To tylko lapsus. Dorota Kania myliła się jednak w co najmniej dwóch innych kwestiach:
- „Dlaczego Niemcy czy Francuzi nie wpuszczają obcego kapitału do mediów? Bo wiedzą, czym to grozi u nas” – pytała podczas panelu Dorota Kania i zaraz odpowiadała sobie na to pytanie.
Fakty są nieco inne i nie można zamknąć go stwierdzeniem o „niewpuszczaniu obcego kapitału”. Rzetelniejszą wiedzę na temat tzw. kapitału zagranicznego w mediach niemieckich lub francuskich rozpowszechniał przede wszystkim Instytut Staszica w swoim raporcie z 2017 roku.

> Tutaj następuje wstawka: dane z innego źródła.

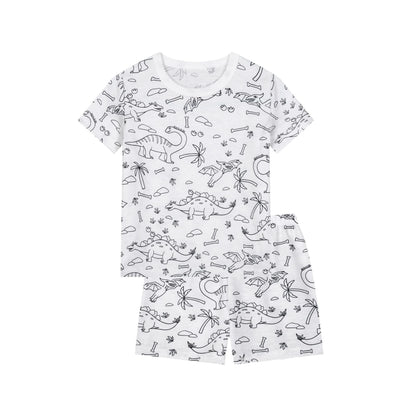 DIY Sketch Colorful Pajama Set For Kid Summer Freehand Graffiti Handicraft Homewear Baby Boy Girl Short Sleeved Shorts Sleepwear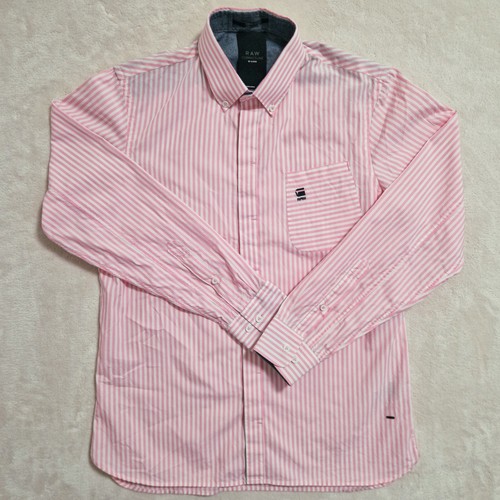 G Star Raw CL Yoke Shirt Button Down Mens Large Pink Striped Embroidered - Picture 4 of 13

Powołując się na niego, nawet sprzyjający PiS portal TVP Info podawał w lipcu 2021: „W Niemczech nie ma ograniczeń dotyczących udziału kapitału zagranicznego”. Dodano jednak zaraz: „Na rynku i tak dominują rodzime koncerny”.

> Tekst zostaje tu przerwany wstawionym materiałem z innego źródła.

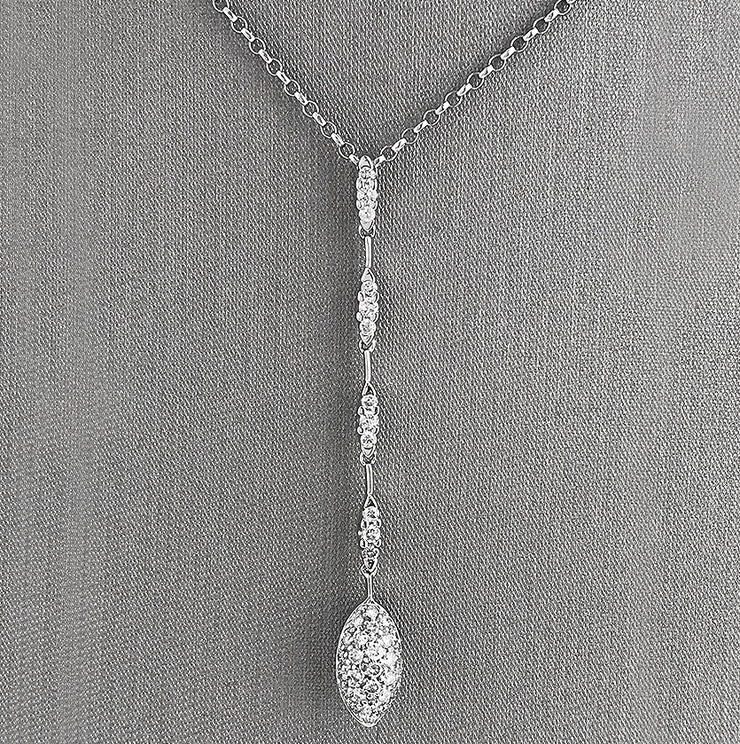 white gold diamond drop pendant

Czytaj też: Komisja etyki poselskiej umorzyła sprawę wypowiedzi posła KO Czesława Mroczka pod adresem Doroty Kani
Cytowany raport Instytutu Staszica generalnie mówił o rynku radiowo-telewizyjnym. Na tym rynku obostrzenia istnieją – podobnie zresztą jak w Polsce. Demagog analizował w połowie 2021 roku tę sprawę, sprawdzając prawdziwość wypowiedzi posła Marcina Horały na temat kapitału spoza Unii Europejskiej w mediach francuskich, austriackich i niemieckich. Analitycy Demagoga o Niemczech napisali – powołując się na dane dr hab. Marty Jas-Koziarkiewicz, medioznawczyni z Uniwersytetu Warszawskiego, m.in.: „Przy przyznawaniu koncesji mediom większe znaczenie niż rozkład kapitału wewnątrz spółki ma udział w rynku i przeciwdziałanie osiągnięciu dominującej pozycji opiniotwórczej”.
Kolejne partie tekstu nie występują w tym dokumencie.